Dataset records:
# # # #

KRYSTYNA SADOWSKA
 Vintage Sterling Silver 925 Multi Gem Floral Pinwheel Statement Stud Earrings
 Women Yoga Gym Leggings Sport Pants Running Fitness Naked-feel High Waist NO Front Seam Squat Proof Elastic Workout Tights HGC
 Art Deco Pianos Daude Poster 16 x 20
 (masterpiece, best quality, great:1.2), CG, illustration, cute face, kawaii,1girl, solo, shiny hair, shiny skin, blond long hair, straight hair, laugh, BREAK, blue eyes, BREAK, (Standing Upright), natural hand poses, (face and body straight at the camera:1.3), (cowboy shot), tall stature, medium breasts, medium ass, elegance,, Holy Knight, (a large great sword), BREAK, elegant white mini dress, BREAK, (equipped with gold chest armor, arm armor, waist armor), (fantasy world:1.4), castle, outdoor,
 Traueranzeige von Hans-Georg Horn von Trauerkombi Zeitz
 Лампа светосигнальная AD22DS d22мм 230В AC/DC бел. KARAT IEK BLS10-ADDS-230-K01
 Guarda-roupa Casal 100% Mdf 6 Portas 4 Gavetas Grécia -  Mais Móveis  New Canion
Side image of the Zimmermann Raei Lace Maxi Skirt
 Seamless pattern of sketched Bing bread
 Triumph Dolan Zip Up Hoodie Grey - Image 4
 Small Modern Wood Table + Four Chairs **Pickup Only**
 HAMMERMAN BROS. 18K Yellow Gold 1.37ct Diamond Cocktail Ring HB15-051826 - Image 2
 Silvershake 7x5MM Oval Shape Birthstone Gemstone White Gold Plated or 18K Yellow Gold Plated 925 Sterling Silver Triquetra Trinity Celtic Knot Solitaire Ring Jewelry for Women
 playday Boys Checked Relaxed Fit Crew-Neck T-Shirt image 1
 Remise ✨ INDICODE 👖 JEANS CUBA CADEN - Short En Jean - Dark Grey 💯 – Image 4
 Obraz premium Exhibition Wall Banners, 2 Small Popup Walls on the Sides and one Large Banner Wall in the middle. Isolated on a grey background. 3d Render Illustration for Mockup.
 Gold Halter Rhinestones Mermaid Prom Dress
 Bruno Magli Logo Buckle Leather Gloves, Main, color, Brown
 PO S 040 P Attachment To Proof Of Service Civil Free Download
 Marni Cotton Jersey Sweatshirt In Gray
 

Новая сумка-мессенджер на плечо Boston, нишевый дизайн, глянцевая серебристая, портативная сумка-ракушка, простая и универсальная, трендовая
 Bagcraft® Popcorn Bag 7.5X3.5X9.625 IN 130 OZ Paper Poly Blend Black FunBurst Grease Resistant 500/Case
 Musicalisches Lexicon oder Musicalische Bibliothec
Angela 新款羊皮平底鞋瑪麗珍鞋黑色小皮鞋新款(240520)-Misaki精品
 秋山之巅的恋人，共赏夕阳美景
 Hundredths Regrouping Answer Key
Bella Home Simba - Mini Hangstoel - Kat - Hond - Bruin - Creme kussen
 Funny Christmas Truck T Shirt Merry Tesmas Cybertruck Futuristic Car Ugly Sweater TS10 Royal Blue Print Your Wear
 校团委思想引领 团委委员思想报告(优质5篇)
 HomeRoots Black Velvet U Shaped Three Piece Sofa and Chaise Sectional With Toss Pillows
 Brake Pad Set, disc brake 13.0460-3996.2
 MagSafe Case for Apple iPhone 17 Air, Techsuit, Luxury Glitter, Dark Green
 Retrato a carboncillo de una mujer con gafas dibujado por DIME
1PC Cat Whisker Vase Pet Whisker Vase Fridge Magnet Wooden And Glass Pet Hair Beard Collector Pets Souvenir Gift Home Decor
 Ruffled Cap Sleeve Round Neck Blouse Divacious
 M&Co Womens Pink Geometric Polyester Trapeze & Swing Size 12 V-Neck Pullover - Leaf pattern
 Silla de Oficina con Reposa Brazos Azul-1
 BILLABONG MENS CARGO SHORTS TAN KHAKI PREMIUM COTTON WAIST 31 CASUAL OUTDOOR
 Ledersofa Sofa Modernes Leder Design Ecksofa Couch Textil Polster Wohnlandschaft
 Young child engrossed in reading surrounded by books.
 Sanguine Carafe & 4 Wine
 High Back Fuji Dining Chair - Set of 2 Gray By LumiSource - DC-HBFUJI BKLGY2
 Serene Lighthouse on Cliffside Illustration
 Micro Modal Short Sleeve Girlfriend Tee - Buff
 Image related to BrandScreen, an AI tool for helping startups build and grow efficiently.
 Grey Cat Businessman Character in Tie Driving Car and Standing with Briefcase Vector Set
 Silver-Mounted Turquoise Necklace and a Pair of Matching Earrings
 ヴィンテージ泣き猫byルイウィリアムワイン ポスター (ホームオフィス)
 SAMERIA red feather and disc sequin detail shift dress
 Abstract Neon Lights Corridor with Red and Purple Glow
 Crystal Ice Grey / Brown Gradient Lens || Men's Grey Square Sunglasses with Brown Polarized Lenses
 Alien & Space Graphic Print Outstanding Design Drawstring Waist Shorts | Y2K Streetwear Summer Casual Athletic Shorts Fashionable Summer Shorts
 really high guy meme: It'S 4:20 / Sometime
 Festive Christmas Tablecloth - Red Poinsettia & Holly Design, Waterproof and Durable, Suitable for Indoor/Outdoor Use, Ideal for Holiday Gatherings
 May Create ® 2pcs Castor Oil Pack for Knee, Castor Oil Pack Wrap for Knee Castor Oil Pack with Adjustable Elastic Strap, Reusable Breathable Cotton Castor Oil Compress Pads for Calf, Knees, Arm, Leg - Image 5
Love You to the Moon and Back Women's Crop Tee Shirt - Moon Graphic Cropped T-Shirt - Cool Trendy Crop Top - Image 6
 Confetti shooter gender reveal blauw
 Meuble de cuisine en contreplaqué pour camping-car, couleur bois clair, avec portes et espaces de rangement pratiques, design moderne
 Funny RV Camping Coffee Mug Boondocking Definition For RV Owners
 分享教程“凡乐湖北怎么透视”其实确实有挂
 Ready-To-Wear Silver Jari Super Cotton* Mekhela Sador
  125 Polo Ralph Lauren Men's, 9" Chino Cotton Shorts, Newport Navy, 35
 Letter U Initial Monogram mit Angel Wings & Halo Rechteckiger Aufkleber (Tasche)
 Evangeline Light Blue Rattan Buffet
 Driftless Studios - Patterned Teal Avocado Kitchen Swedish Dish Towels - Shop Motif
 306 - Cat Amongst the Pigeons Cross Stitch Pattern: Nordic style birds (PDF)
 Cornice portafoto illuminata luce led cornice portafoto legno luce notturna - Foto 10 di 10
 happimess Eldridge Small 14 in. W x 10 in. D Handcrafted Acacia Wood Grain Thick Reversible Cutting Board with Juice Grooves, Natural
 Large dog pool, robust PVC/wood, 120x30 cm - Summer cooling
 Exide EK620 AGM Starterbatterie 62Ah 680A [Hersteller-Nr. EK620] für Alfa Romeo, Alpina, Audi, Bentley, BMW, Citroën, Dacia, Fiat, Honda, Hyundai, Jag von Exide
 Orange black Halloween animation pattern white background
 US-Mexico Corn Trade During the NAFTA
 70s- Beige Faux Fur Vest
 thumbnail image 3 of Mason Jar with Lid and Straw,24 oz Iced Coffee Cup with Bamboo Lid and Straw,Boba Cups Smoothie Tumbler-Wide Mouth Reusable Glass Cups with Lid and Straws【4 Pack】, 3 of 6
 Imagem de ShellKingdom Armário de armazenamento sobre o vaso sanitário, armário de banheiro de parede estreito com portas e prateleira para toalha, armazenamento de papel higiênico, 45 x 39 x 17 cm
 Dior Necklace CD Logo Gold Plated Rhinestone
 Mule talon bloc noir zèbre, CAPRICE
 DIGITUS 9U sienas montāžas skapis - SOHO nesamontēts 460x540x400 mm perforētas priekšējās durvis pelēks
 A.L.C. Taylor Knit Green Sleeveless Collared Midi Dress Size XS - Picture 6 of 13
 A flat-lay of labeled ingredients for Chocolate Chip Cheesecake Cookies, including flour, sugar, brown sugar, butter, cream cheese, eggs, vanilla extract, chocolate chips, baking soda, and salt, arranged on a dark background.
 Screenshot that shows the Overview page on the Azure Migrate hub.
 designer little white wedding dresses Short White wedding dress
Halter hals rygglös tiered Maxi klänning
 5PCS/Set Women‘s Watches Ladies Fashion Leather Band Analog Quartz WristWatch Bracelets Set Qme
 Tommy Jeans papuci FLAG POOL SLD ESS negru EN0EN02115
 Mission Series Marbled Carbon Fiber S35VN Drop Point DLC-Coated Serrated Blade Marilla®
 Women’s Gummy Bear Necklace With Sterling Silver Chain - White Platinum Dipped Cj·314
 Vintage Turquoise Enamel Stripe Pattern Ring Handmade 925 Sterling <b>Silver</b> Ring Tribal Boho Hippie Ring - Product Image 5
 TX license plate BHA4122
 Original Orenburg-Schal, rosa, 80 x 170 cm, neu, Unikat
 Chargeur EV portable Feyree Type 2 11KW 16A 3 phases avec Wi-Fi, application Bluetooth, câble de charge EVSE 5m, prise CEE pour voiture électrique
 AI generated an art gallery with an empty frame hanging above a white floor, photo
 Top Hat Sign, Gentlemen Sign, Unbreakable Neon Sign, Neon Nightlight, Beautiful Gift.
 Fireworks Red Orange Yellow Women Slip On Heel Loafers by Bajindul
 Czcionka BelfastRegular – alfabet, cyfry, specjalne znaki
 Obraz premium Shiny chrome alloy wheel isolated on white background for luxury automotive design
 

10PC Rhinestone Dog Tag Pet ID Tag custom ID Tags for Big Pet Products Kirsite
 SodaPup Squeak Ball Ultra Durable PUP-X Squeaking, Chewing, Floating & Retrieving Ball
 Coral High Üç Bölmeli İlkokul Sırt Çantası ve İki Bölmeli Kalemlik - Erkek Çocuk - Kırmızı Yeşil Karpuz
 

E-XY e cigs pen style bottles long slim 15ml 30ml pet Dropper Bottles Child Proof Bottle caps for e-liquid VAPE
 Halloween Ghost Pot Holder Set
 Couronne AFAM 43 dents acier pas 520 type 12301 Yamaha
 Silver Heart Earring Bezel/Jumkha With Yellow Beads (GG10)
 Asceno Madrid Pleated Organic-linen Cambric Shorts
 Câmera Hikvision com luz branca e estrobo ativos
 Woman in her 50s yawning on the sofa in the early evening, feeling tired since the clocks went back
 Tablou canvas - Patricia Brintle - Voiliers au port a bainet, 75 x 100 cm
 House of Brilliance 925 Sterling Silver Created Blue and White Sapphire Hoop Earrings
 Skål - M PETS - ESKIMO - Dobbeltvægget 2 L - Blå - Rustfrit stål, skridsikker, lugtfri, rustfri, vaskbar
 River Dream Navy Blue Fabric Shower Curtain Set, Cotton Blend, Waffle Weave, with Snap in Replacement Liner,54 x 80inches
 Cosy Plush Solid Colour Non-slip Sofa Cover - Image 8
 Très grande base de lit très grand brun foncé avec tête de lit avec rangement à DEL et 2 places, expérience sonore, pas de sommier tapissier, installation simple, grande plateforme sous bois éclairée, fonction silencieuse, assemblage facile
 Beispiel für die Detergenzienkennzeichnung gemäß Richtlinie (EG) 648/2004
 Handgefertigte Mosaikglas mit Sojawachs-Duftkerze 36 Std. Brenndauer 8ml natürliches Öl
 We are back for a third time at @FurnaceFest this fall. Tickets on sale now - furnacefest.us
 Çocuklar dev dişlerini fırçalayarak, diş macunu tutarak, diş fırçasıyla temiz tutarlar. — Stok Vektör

# # # #

--- REQUIREMENT ---
Retype the portion of the data above that starts on the line with "Silver-Mounted Turquoise Necklace" and finishes on the line with "Confetti shooter gender reveal blauw", including both of those lines.

--- RESPONSE ---
 Silver-Mounted Turquoise Necklace and a Pair of Matching Earrings
 ヴィンテージ泣き猫byルイウィリアムワイン ポスター (ホームオフィス)
 SAMERIA red feather and disc sequin detail shift dress
 Abstract Neon Lights Corridor with Red and Purple Glow
 Crystal Ice Grey / Brown Gradient Lens || Men's Grey Square Sunglasses with Brown Polarized Lenses
 Alien & Space Graphic Print Outstanding Design Drawstring Waist Shorts | Y2K Streetwear Summer Casual Athletic Shorts Fashionable Summer Shorts
 really high guy meme: It'S 4:20 / Sometime
 Festive Christmas Tablecloth - Red Poinsettia & Holly Design, Waterproof and Durable, Suitable for Indoor/Outdoor Use, Ideal for Holiday Gatherings
 May Create ® 2pcs Castor Oil Pack for Knee, Castor Oil Pack Wrap for Knee Castor Oil Pack with Adjustable Elastic Strap, Reusable Breathable Cotton Castor Oil Compress Pads for Calf, Knees, Arm, Leg - Image 5
Love You to the Moon and Back Women's Crop Tee Shirt - Moon Graphic Cropped T-Shirt - Cool Trendy Crop Top - Image 6
 Confetti shooter gender reveal blauw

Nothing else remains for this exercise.